Directions for this task
All that is needed is an exact repetition of the lines from the one containing "Supplementary Fig. 3." through the final line of the material, without pictures.

Supplied information
= = =

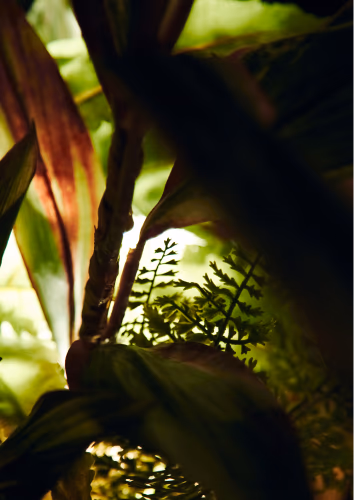 都会の中の静かな空間イメージ3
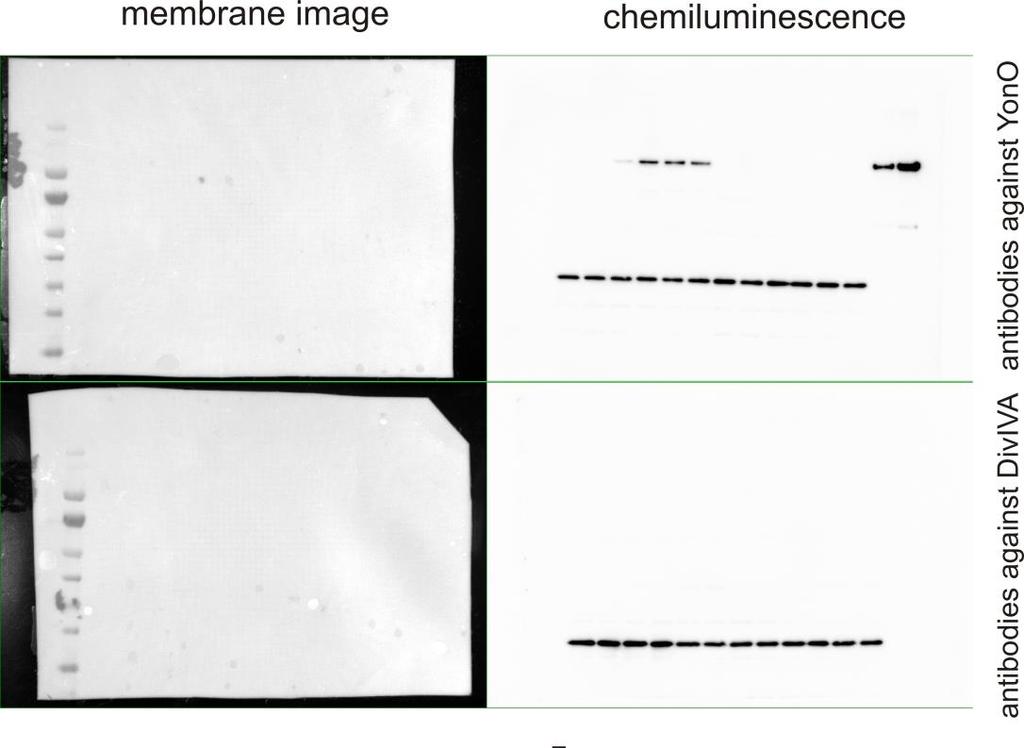 Supplementary Fig. 3. Uncropped western blot shown in Fig. 2a.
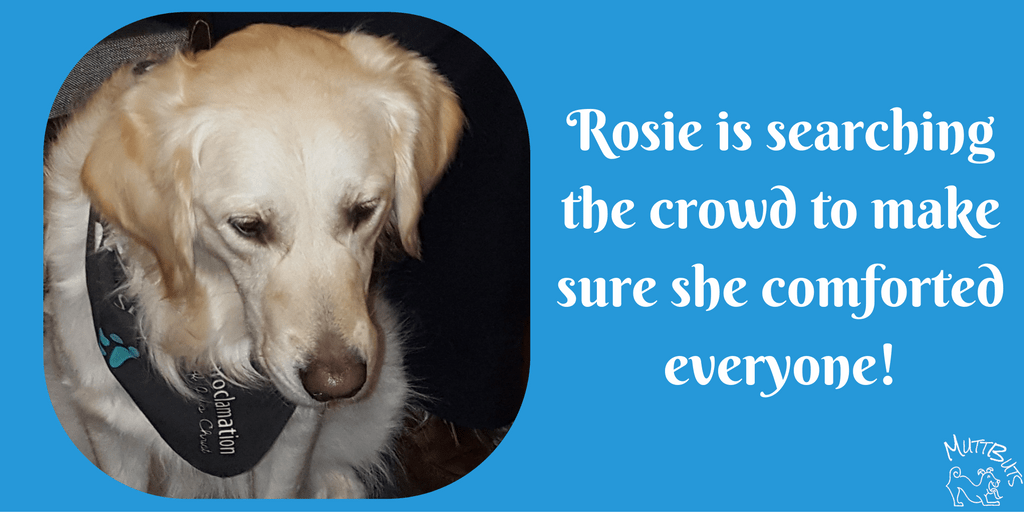 rosie-comforting-everyone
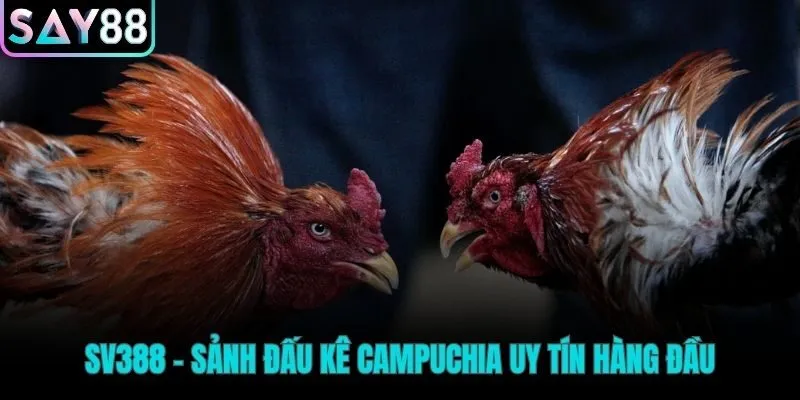 SV388 sảnh đá gà Thomo trực tuyến uy tín từ Campuchia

= = =

Result of the exercise
 Supplementary Fig. 3. Uncropped western blot shown in Fig. 2a.
 rosie-comforting-everyone
 SV388 sảnh đá gà Thomo trực tuyến uy tín từ Campuchia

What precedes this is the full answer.